==== PROVIDED RECORDS
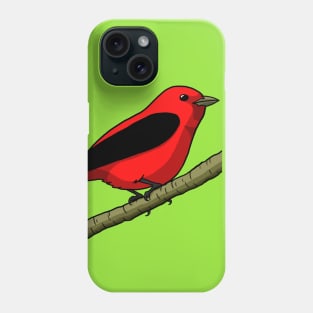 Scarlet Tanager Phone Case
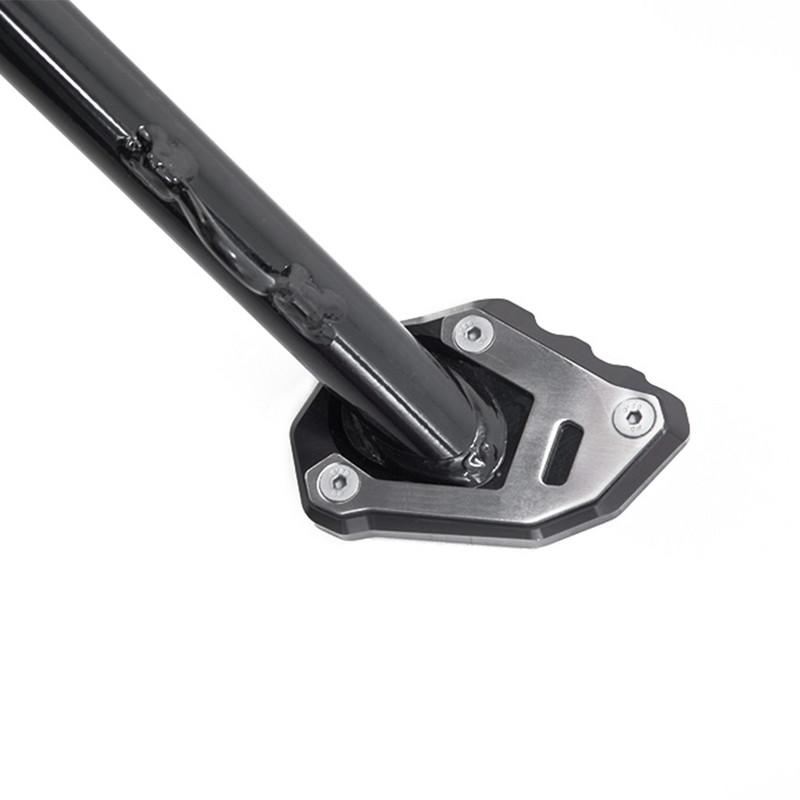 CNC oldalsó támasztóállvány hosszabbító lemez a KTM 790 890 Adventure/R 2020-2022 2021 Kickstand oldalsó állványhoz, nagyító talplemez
========
==== PROVIDED RECORDS
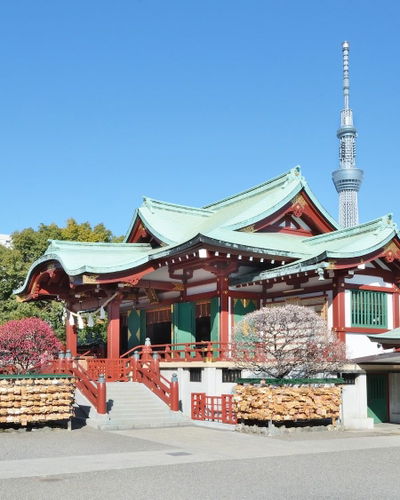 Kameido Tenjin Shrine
========
- _YOUR GOAL_
Copy out the listing above from the line containing "Scarlet Tanager Phone Case" to the line containing "CNC oldalsó támasztóállvány", both included, exactly as written and minus the images.

- _ANSWER FOR THIS EXERCISE_
 Scarlet Tanager Phone Case
 CNC oldalsó támasztóállvány hosszabbító lemez a KTM 790 890 Adventure/R 2020-2022 2021 Kickstand oldalsó állványhoz, nagyító talplemez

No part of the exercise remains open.